■ Assigned task
Could you return the data that follows exactly, minus the images?

*** Provided records ***

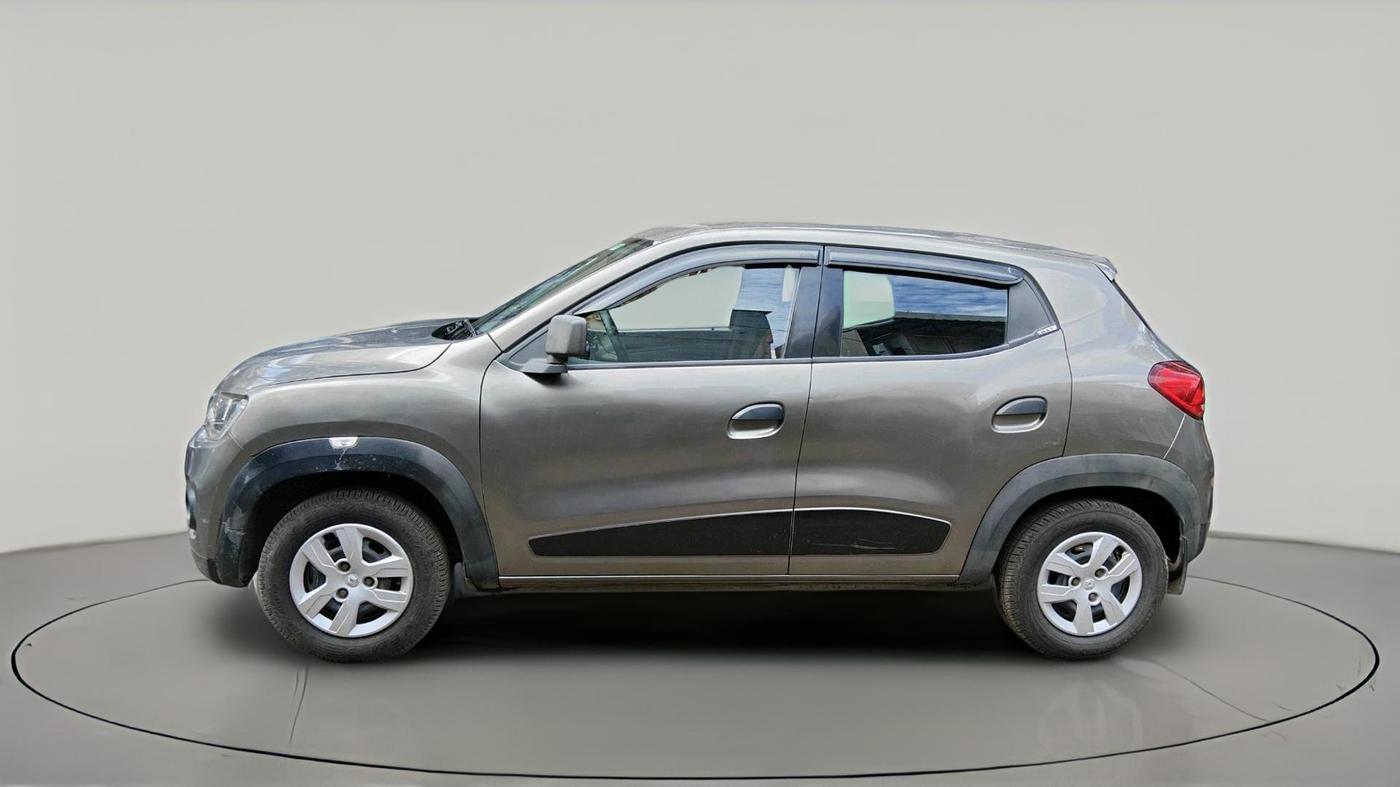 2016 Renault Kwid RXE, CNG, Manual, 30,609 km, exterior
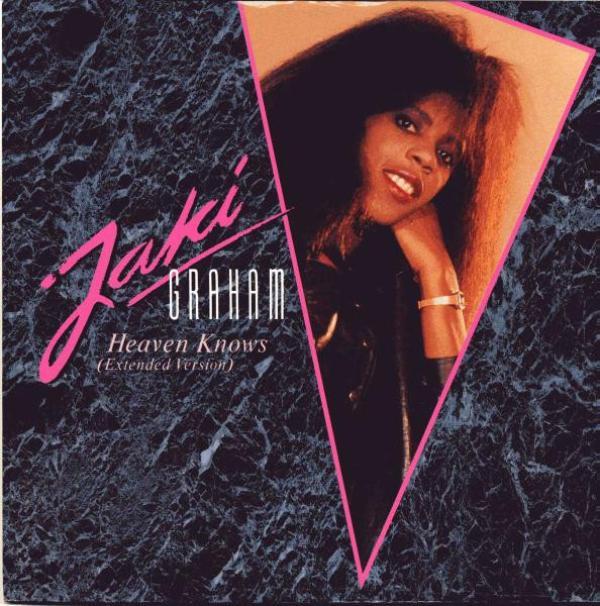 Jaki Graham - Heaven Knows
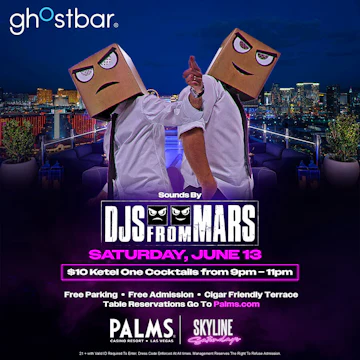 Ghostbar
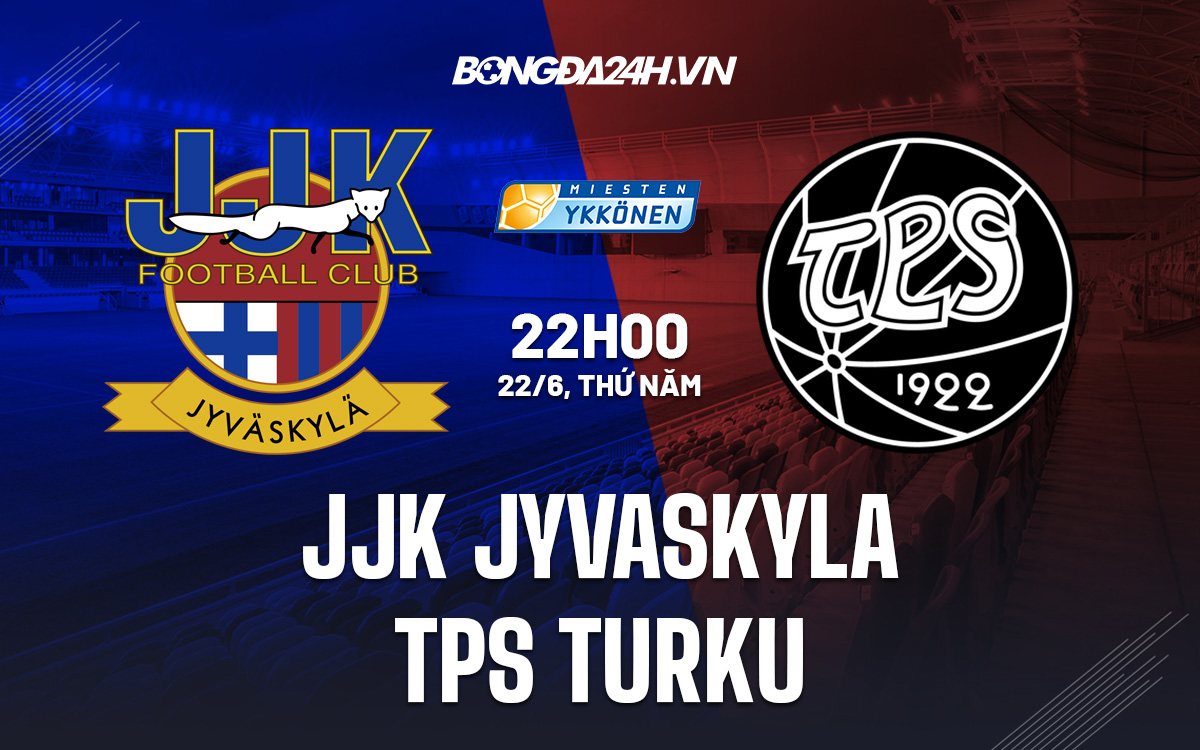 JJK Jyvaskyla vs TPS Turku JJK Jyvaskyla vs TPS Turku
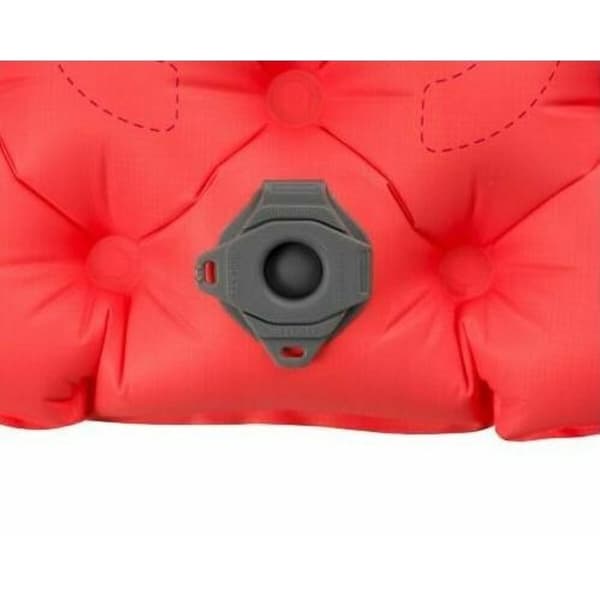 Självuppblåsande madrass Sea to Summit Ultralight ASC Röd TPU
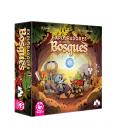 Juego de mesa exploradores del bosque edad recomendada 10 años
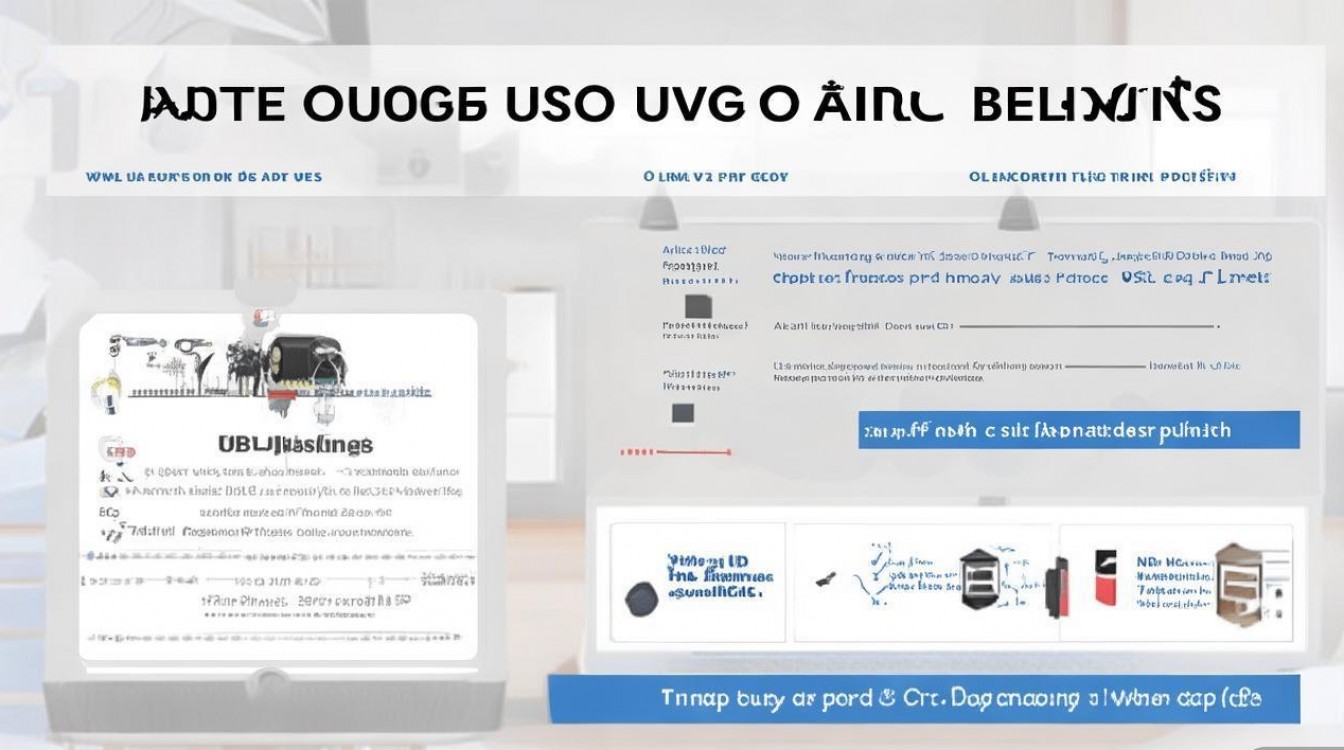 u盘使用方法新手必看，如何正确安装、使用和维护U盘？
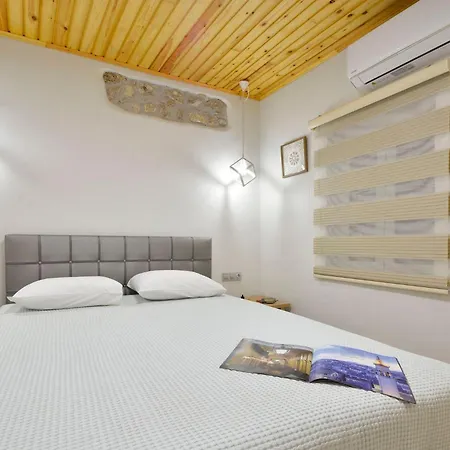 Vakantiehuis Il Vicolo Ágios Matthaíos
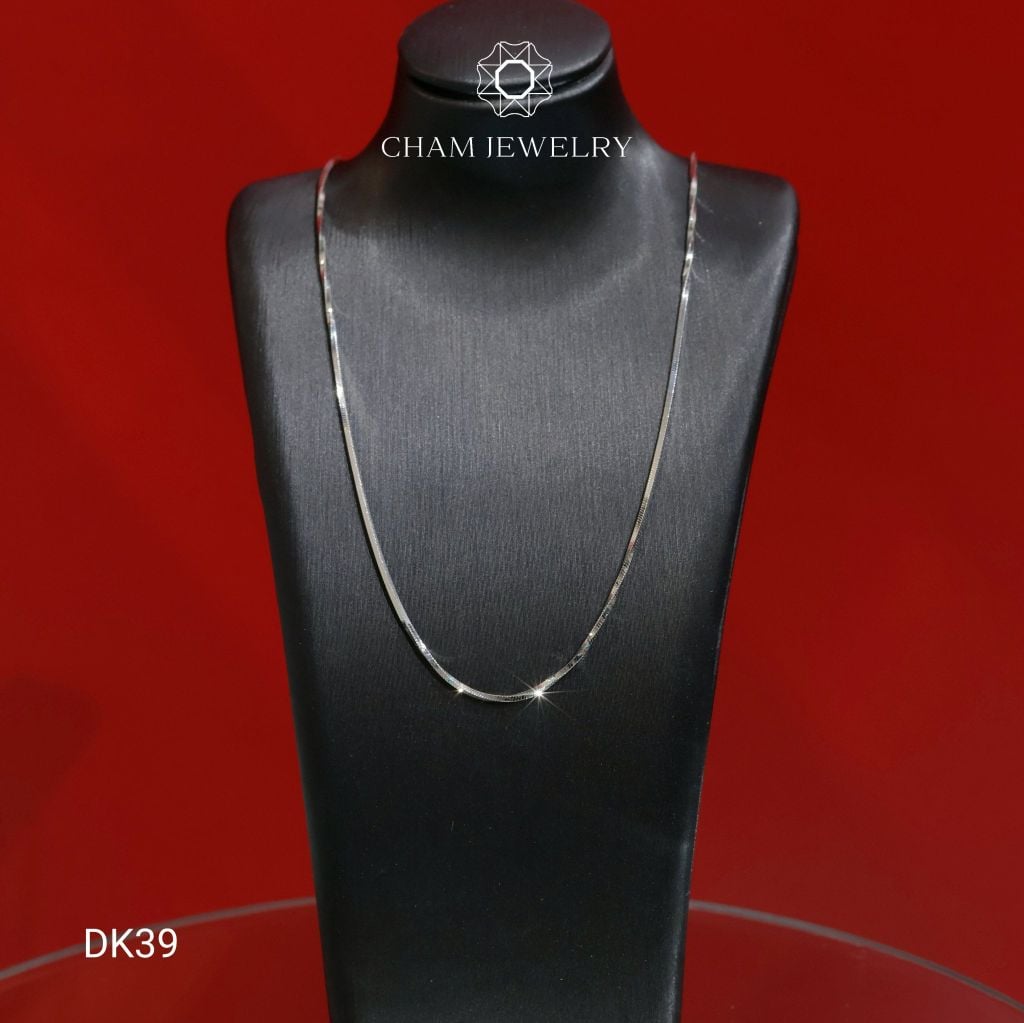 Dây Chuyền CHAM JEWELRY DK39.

***

■ Written answer
 2016 Renault Kwid RXE, CNG, Manual, 30,609 km, exterior
 Jaki Graham - Heaven Knows
 Ghostbar
 JJK Jyvaskyla vs TPS Turku JJK Jyvaskyla vs TPS Turku
 Självuppblåsande madrass Sea to Summit Ultralight ASC Röd TPU
 Juego de mesa exploradores del bosque edad recomendada 10 años
 u盘使用方法新手必看，如何正确安装、使用和维护U盘？
 Vakantiehuis Il Vicolo Ágios Matthaíos
 Dây Chuyền CHAM JEWELRY DK39.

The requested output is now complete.